__What is required__: Repeat the listing below exactly from the line with "Wildwood Crest New" through its last line. Skip every picture.

__Data__:
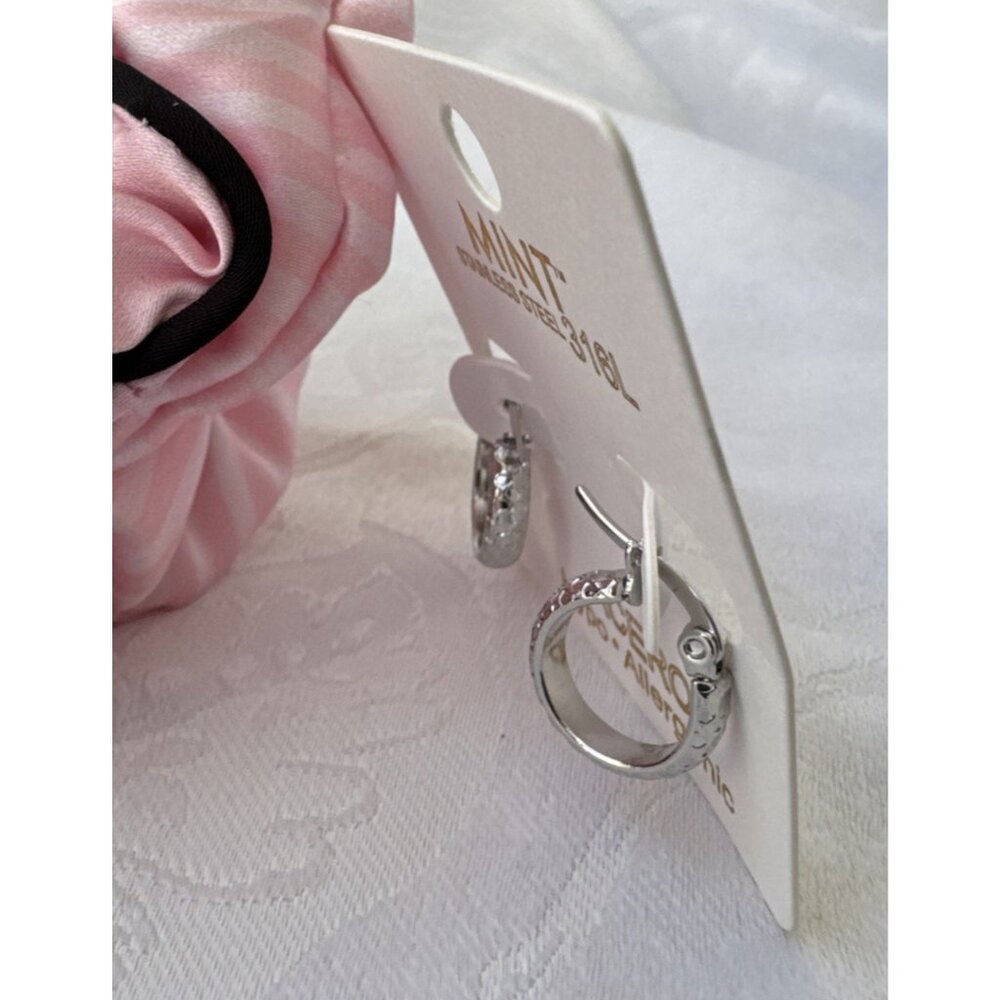 Mint Stainless Steel 316L Acero Hoop Earrings Hypo Allergenic Silver 10MM NEW - Picture 7 of 8
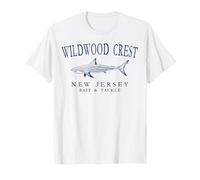 Wildwood Crest New Jersey Shark Lettres arquées Bleu marine T-Shirt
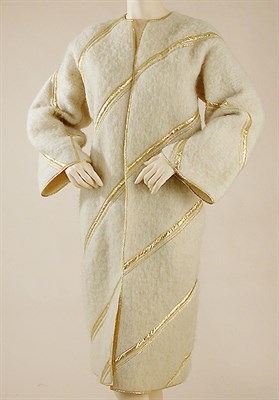 Lot 650 - Cream Mohair Coat Attributed to Geoffrey Beane,...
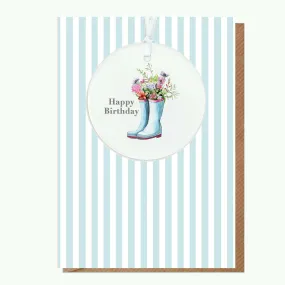 A6 Greeting Card with Ceramic Keepsake - Flowers & Wellies Happy Birthday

__Exercise output__:
 Wildwood Crest New Jersey Shark Lettres arquées Bleu marine T-Shirt
 Lot 650 - Cream Mohair Coat Attributed to Geoffrey Beane,...
 A6 Greeting Card with Ceramic Keepsake - Flowers & Wellies Happy Birthday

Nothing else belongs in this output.